Zur neuen Badezimmerkultur gehört das durchsichtige Siphon, durch das man das Abwasser abfließen sieht und die Feinheiten im Prozess genießen kann. Außerdem verschwindet die Klobürste unaufhaltsam, von der aber keiner weiß, wie man sie ersetzen kann. Kurz: die Zukunft des Badezimmers besteht darin, Nebensachen zu Hauptsachen zu machen.

In vielen Hotels gibt es schon keine Klobürste mehr, weil sich die Wirklichkeit nach der Realität des Fotos mit Schönheitswirkung richtet. Wir haben uns so sehr an Fotos von Hotelbadezimmern ohne Bürste gewöhnt, dass wir in der Realität auch keine mehr sehen wollen.

Was macht man übrigens, wenn man eine Bürste braucht? Man kann die Rezeption anrufen und die Verunreinigung von einer Putzfrau beseitigen lassen. Man kann auch auf ein öffentliches Klo gehen und sorgenlos Bremsspuren hinterlassen. Oder man bandagiert das Klosett mit Klopapier, sodass die Keramik gar nicht schmutzig werden kann, das Papier aber heruntergespült wird.

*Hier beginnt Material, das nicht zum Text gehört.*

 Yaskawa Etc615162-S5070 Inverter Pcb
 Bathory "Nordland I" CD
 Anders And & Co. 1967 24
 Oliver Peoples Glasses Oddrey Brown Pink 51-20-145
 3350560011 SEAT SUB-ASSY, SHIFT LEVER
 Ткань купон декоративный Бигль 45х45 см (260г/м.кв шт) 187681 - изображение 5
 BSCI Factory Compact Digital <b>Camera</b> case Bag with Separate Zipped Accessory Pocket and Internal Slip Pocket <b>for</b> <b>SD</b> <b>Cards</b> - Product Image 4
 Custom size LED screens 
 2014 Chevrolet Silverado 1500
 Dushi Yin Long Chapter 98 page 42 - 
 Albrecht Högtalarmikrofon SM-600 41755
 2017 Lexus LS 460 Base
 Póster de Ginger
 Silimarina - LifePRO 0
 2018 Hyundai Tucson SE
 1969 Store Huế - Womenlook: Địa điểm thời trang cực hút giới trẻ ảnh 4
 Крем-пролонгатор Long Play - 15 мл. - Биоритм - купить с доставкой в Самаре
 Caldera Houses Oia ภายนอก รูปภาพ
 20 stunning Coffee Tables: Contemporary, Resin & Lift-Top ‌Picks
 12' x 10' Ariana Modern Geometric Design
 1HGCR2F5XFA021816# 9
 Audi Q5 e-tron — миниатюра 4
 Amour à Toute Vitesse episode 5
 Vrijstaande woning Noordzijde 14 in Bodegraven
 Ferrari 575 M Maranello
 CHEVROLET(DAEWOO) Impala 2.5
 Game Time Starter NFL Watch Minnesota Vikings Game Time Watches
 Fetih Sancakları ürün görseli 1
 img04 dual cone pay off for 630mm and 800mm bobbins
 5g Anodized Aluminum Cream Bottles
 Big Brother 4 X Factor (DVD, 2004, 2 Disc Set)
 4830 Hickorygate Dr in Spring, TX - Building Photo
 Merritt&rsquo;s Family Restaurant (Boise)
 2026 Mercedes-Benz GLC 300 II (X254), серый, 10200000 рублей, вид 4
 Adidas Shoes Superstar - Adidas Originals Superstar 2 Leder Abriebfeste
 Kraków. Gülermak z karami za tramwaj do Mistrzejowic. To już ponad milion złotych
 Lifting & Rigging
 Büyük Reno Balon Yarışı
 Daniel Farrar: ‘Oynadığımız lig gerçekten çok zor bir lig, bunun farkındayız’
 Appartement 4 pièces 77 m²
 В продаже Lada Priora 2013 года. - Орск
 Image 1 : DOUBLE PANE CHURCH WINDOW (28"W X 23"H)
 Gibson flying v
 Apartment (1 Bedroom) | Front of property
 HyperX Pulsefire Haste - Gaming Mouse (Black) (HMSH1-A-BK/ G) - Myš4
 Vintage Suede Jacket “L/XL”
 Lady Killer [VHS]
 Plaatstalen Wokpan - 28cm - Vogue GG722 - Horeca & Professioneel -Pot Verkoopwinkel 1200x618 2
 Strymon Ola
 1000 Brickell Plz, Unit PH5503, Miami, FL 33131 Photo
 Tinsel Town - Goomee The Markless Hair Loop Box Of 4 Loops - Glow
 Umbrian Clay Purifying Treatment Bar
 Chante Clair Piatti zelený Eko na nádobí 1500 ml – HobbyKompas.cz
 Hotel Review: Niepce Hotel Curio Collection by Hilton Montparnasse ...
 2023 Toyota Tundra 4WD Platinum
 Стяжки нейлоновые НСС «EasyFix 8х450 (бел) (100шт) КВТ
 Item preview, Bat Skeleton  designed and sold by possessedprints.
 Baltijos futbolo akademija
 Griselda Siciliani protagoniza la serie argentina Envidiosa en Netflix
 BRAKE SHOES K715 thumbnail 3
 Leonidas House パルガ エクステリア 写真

Die Idee des bürstenlosen Badezimmers ist also kein Plan, sondern bloßer Wunsch. Dabei ist die Klobürste selbst ein solcher Wunsch, weil sie zwar die Keramik reinigt, aber ihrerseits voller Reste und Fetzchen bleibt. Der Schmutz wird also nur verschmiert und verteilt. So wenig wie das Fehlen der Klobürste überzeugt, sowenig überzeugt die Bürste selbst.

Andere Gegenstände, die aus dem Badezimmer verschwunden sind, hinterlassen dagegen keine Lücke. Die flauschige Umhüllung des Klodeckels hatte ja kaum eine Funktion und diente nur dazu, den Locus als Sitz zu benutzen. Auch die Flauschteppiche auf dem Fußboden dienten mehr der Anmutung von Komfort. Ähnlich wie die Bürste waren sie Schmutzfänger und bildeten Feuchtigkeit.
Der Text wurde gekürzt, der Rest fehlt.